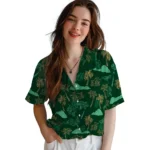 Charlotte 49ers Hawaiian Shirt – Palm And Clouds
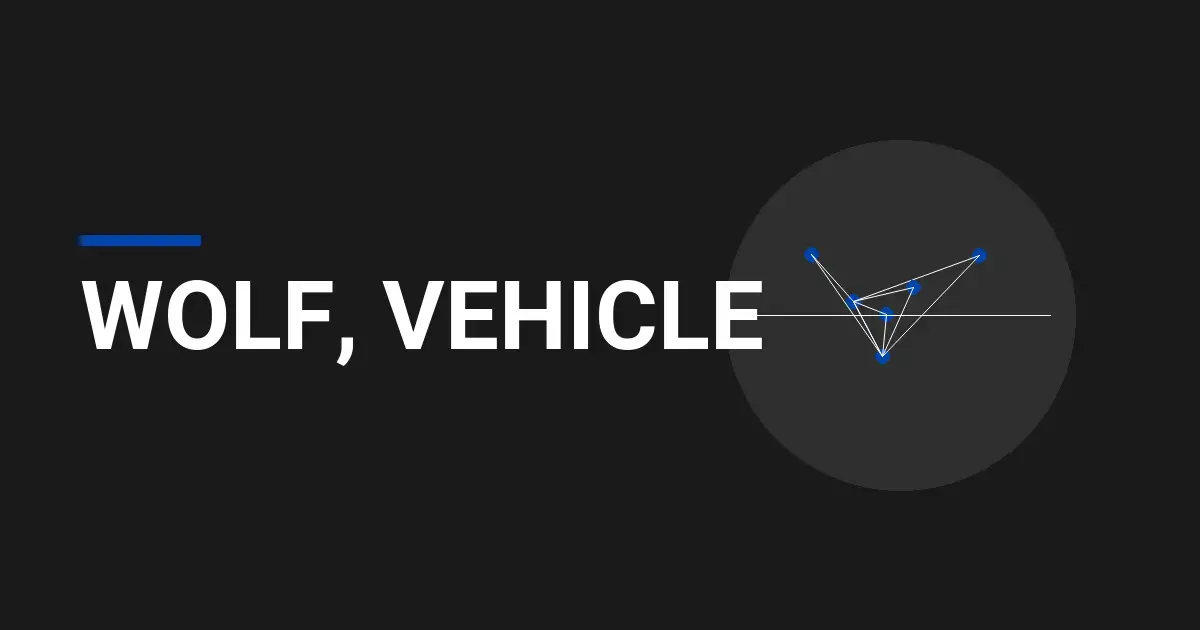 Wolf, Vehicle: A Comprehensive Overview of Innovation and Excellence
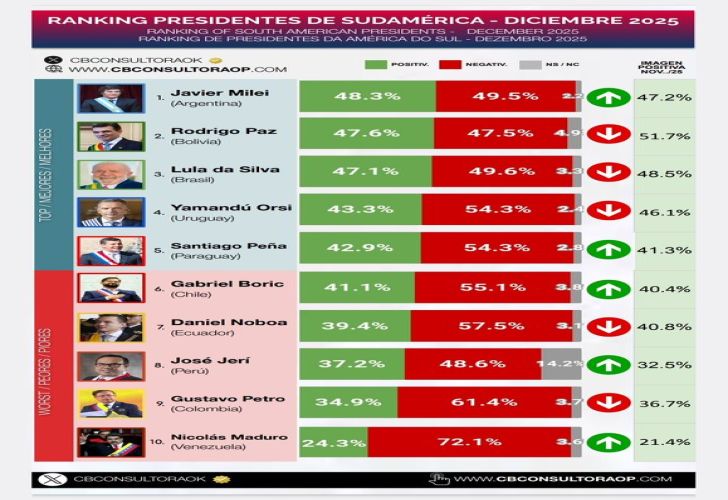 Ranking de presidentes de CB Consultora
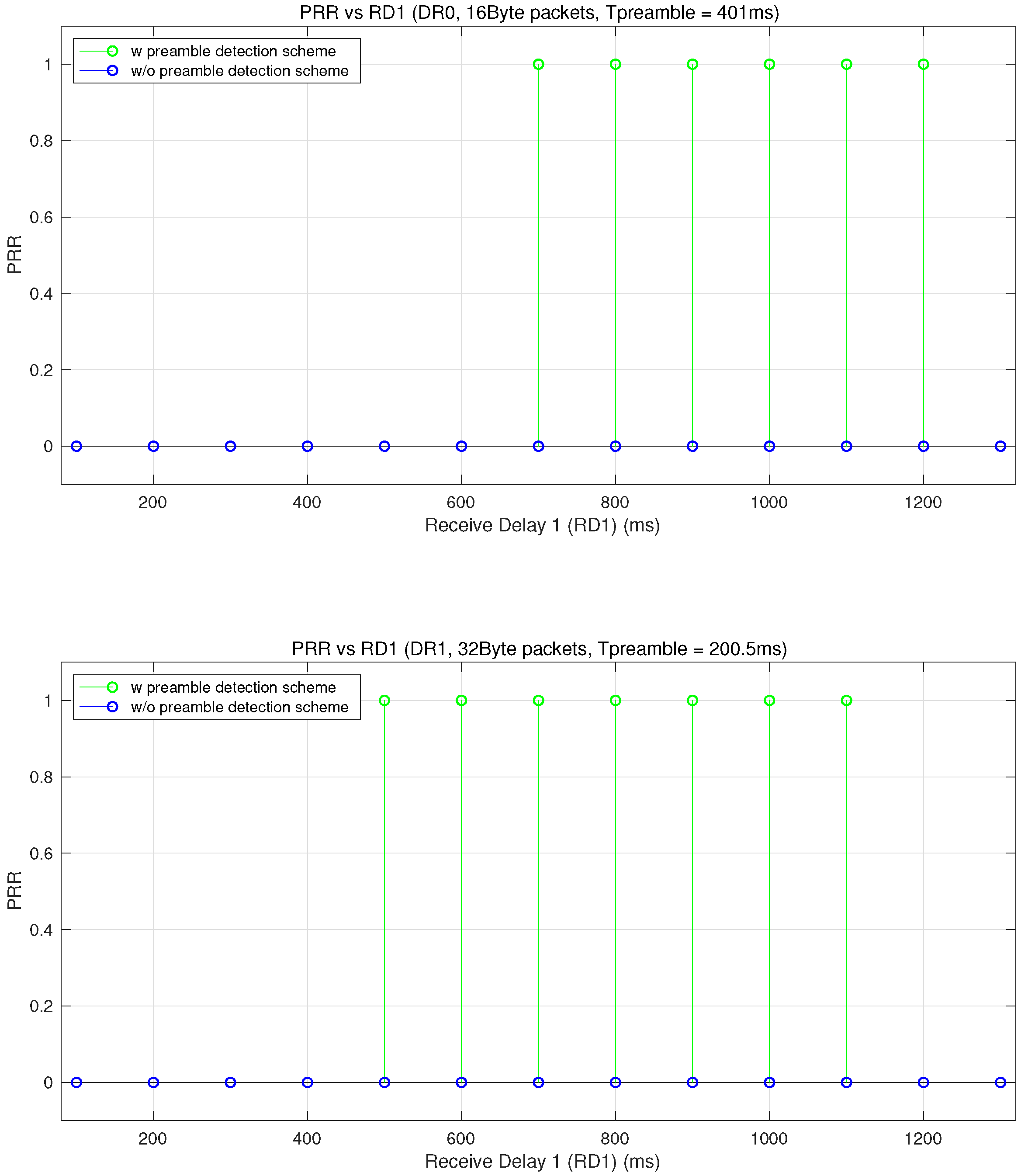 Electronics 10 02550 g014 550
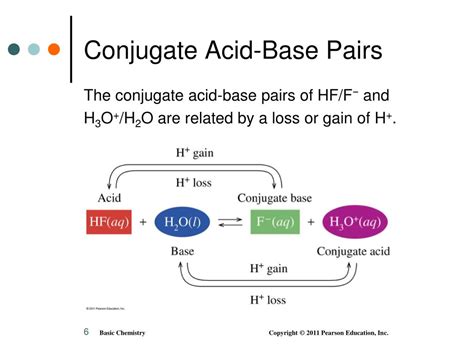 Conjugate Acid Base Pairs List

▶ [Problem to solve]:
Copy out, without any pictures, the lines of the records above from the one containing "Ranking de presidentes de CB Consultora" through the final line, both ends included.

▶ [Output for this exercise]:
 Ranking de presidentes de CB Consultora
 Electronics 10 02550 g014 550
 Conjugate Acid Base Pairs List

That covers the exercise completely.